Alcuni sociologi, anche italiani, vedono in manifestazioni di questo tipo, che sfidano palesemente la polizia e i manganelli, una modalità di (ri)affermazione della identità di gruppo, di cementazione di rapporti amicali, di appartenenza, di condivisione politica.

Contrariamente alla troppo diffusa giustificazione giornalistica della condizione di disagio giovanile e sociale, i violenti sono tali non fondamentalmente perché “stanno male”, ma perché vedono nella loro violenza il modo, forse l’unico, di contrapporsi a chi ha il potere di governo e a chi dai ranghi dell’opposizione non sa e non vuole ricorrere a maniere dure e forti, ai loro occhi diventando connivente con il governo, con i potenti di casa nostra e altrui, ad esempio, gli ebrei.

In tutte le società, in qualsiasi momento si producono fenomeni e accadimenti criticabili, rivelatori di ingiustizie, di trattamenti non soltanto deplorevoli, ma anche illegali a scapito e ai danni di alcuni settori sociali variamente vulnerabili, oggi identificati soprattutto con i palestinesi di Gaza. Nient’affatto in tutte le società le risposte anche ai fatti più gravi si traducono (dovrei, forse, scrivere “degenerano”) in azioni violente.

Laddove lo fanno è per due ragioni di fondo. La prima è la convinzione che risposte ordinate, legali, composte sono già state tentate e sono fallite, nel senso che non hanno avuto un seguito di riparazione degli eventuali torti e di costruzione di una situazione migliore.

La seconda è che esiste un potenziale di violenti che non si sentono rappresentati, anzi si sentono “traditi” da chi dovrebbe rappresentarli e che traggono una qualche soddisfazione personale nella esibizione della loro forza e del loro “coraggio” che orgogliosamente esprimono sotto forma di aggressione e di scontro con le forze dell’ordine.

Tempi violenti

Naturalmente, può succedere che quelle forze dell’ordine si trovino impreparate a “gestire” lo scontro di piazza; si sentano pericolosamente minacciate; reagiscano a insulti, sputi, lancio di oggetti e qualcosa di più. Di conseguenza, eccedendo nella reazione, offrono il destro (sic) a critiche, reprimende, persino a un più ampio, in termini di numeri e di intensità, coinvolgimento dei violenti.

Una buona gestione della piazza implica non alzare il tiro degli scontri, meno che mai frontali, isolare i gruppi più violenti, procedere alla de-escalation.

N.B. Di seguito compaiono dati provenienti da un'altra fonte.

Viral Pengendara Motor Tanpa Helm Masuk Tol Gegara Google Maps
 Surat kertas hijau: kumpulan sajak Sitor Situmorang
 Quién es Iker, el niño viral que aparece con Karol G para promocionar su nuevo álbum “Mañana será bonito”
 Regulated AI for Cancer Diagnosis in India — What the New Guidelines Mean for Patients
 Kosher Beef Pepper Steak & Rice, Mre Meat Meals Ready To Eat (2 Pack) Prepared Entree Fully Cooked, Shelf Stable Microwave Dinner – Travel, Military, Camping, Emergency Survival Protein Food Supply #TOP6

Tutto questo vale, caso per caso, manifestazione per manifestazione, corteo per corteo, ma non può pretendere di risolvere in maniera duratura il problema costituito da chi non vuole fare politica, consapevolmente e deliberatamente preferendo il ricorso alla violenza come risorsa principale, quasi esclusiva.

Quando i tempi si fanno violenti i violenti scendono in campo. Purtroppo, in Italia scendono in campo anche i fiancheggiatori della violenza e gli strumentalizzatori che vogliono volgere l’uso della violenza a loro miope vantaggio politico di breve termine. Allora, dovrebbero scendere in campo anche coloro che si oppongono alla violenza dei violenti e degli apparati e delle leggi di stato. Non per equidistanza, ma perché è eticamente giusto.